Since its launch in 2004, the Ecological Flows Tool (EFT) project has had the goal of improving water planning by explicitly linking ecosystem needs with physical models in the Sacramento River and the San Joaquin-Sacramento Delta. Aided by over 70 scientists and managers, we have developed an integrated bio-physical decision support tool that characterizes how a suite of 13 focal species (and habitats) are expected to respond to alternative flow, river bank, and gravel management scenarios.

EFT peer reviewed species sub-models are made up of 25 key life-history indicators, each of which is driven by relevant measures of flow, water temperature, channel migration, salinity and/or stage at a daily timescale. Our research has clearly demonstrated that there is a pressing need to develop greater awareness of the value of flexibility to manage ecosystem trade-offs over time within and among objectives.
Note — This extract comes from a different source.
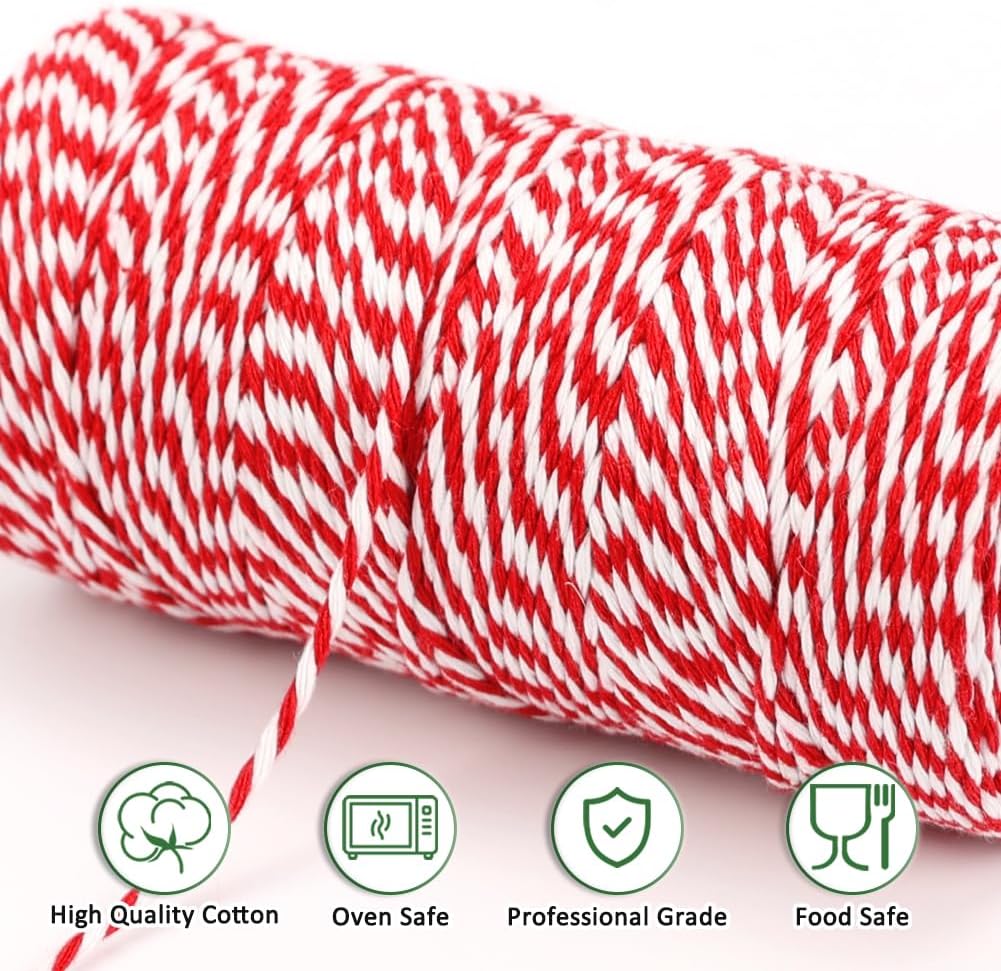 Tenn Well Butchers Twine, 328 Feet 2mm Food Safe Cooking Twine, Red and White Kitchen String for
The detailed applications of EFT crystallize the fact that it is impossible to achieve all ecosystem objectives – let alone the co-equal goals of meeting human, agricultural and environmental needs – each and every year. We describe a paradigm shift which involves seeing balance as a condition which does not involve the same species or objectives losing (or winning) unnecessarily often.

Other findings highlight the need for a stronger focus on climate change mitigation itself (and the general difficulty of comparing future scenarios to a progressively deteriorating baseline). Our work also reveals promising results on how EFT flow criteria can be used to create new rules for other hydrosystem models (e.g., CALSIM) to improve outcomes for endangered species.

With its emphasis on specific cause-effect linkages based on functional flow needs, EFT provides a solid framework that remains open to testing, enhancement and adaptation over time.